До самой смерти красит человек свою жизнь забавами: он сочиняет их наскоро из всякого пустяка и тут же позабывает. И эта раскорячка над периной, и всякие мнимые испуги, и ужасы патриарха были лишь мгновенной забавою. Никон засмеялся сам с собою, махнул рукою и сел в перину, почти по грудь утонул в лебяжьем пере. С постели, как с престола, мутно, незряче вгляделся в проем окна с белесыми оттайками на стеклах. В желобчатые порошки дополна натекло, и лишняя вода по суровой нитке стекала в мису, стоящую на лавке.
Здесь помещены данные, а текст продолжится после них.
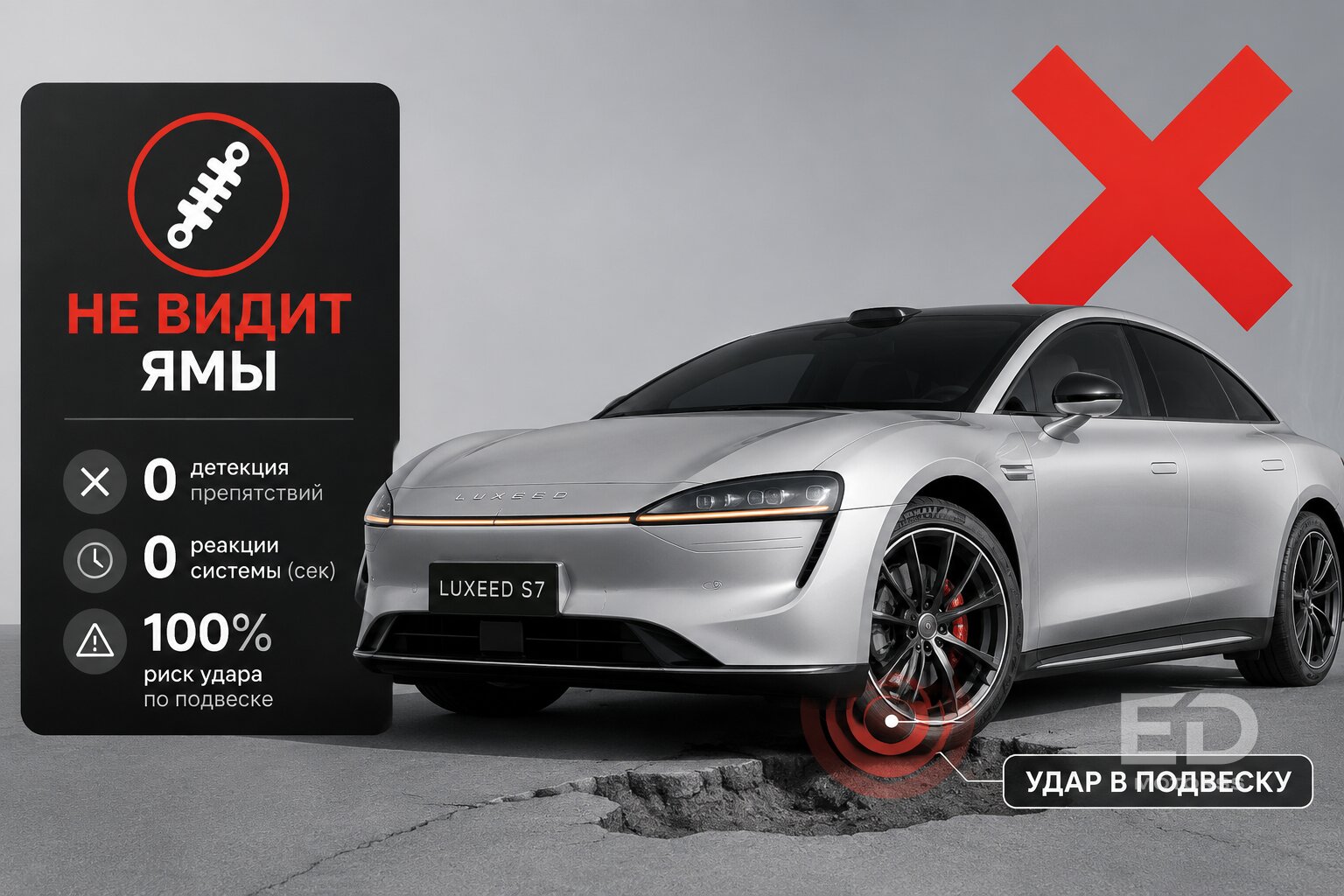 Слепой LiDAR и фантомный тормоз: 5 передовых «китайцев», чей автопилот Huawei сошел с ума на дорогах РФ - фото 3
Эх, негодники и лежебоки, совсем отбились от рук. Скоро расстроился Никон от экого житейского пустяка, позабыв, что лишь минутой ранее был растроган заботами келейника.

«... А с Алексеем-то перемены, – перекинулась мысль Никона на государя. – С похода вернулся, как скобелем охиченный: сухой да злой. Иль кажется лишь? Да не-е... Прежде охочь был до слезы, а ныне батьку ежедень цепляет то острогою, то кокотом, да чтоб больнее. Что за услада ему?.. И неуж воистину подпятник я, с чужой горсти ем да под чужую дуду пляшу? Нет-нет, патриарх благословляет на царство, значит, он окутывает властелина мира сего покрывалом Божьей благодати. Это с патриаршьего соизволения нисходит на самодержца высшая власть; значит, патриарх выше государя; меч земной быстро краснеет ржавчиной и трухнет от крови, но меч духовный с годами сияет все пуще; под меч земной подклоняются неволею, под меч духовный с радостию и упованием... Почему же государь положил глаз на меня? зачем тащил с Онеги в спасские архимандриты себе под очии? Иль верную рать загодя строил, подручников выискивал?..»
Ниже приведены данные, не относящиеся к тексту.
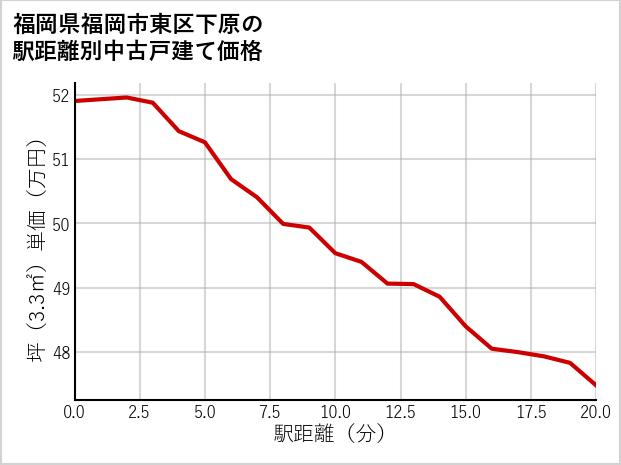 福岡県福岡市東区下原の徒歩距離別の中古戸建て坪単価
Никон зазяб, полез под одеяло; однако что-то мешало ему сразу замгнуть очи. Взгляд упал на прикроватный дубовый шкатун. На крышке его лежал тугой свиток с пятнами ушной ествы. И только раскрутил он грамотку, и с первого взгляда по рыхлому почерку, по буквам, заваленным влево, как худая огорожа, понял с неведомым страхом, что писал левша – отец духовный старец Леонид. Воистину последние времена настали, и антихрист уже среди нас, коли отцы предают детей и этим похваляются. Чем же он-то разобижен? Обласкан и обихожен мною, еству приносят с патриаршьей кухни. Исповедуюсь почасту и самый малый грех не затаил... Экую орацию накатал, ябедник; бес надул в уши, ночной анчутка, прокравшись в окно, водил рукою. Воистину: беззавистники упадут временно в темень, а злодейцы грехи свои выставят на посмотрение и станут похваляться ими, как добродетелью.

Никон чел торопливо, перескакивая по строкам памятки: «... Римский папа, егда умыслил царскую власть себе похитити, прежь сего митру на себя возложил и панагию другую наложил и в том пребысть немалое время: и посем умыслил с советники своими, и кесаря Генриха подаянием сокромента уморил, и точию все царское обдержание на себя восхити. Тако и Никон, яко волк в овчую кожу облечен, митру на главе нося и панагию другую на себя налагая, и советникам своим повелевая такоже, похитил царский чин и власть. Никон поставил Крестовую церковь выше соборной, тут же сделал себе светлицы и чердаки, и то явное его на царскую державу возгоржение. Еще к тому себе сделал колесницы поваплены и позлащены, а того у прежних святых пастырей не бывало. Святой Кирилл глаголет: аще кто зде паче всех на земли возносится, блюдися его, сей бо есть дух антихристов...»

Сплюнул горько патриарх, попал себе на бороду, утерся предательским свитком, откинул его прочь; посмотрел на руки, пальцы тряслися. Взмолился отчаянно: «Господи Иисусе Христе, Сыне Божий, помилуй мя, грешного... помилуй мя... помилуй мя...» Злость захлестнула, и невмочно стало дышать, перехватило воздух в груди, и там, где обычно помещалось сердце, неуставаемо тукая, сейчас зияла пустота; казалось, можно ладонь просунуть меж ребер и заткнуть кулаком тот проран... «Казни ему, казни самой лютой, – поначалу пронеслось в голове. – Навадники, шептуны, злодейцы, шпыни болотные, нетопыри, шиши и обавники обложили тыном, засекли засекой. Звать иуду сюда немедля пред очии, чтоб в глаза его подлые глянуть. Отхожее место там, где полагается очам быть... Ой, они еще не спознали патриаршьей настоящей грозы: где молонья моя ударит, там провалище будет до самого дна адова и всякому отступнику тыщу лет мучиться тамо... Одеваться, немедля одеваться».

Никон позвал ближнего келейника в серебряный свист. Шушера не замедлил явиться.

– Сынок, вели подавать смирное платье, – сказал Никон вяло, пересиливая гневливость: в груди было по-прежнему стесненно.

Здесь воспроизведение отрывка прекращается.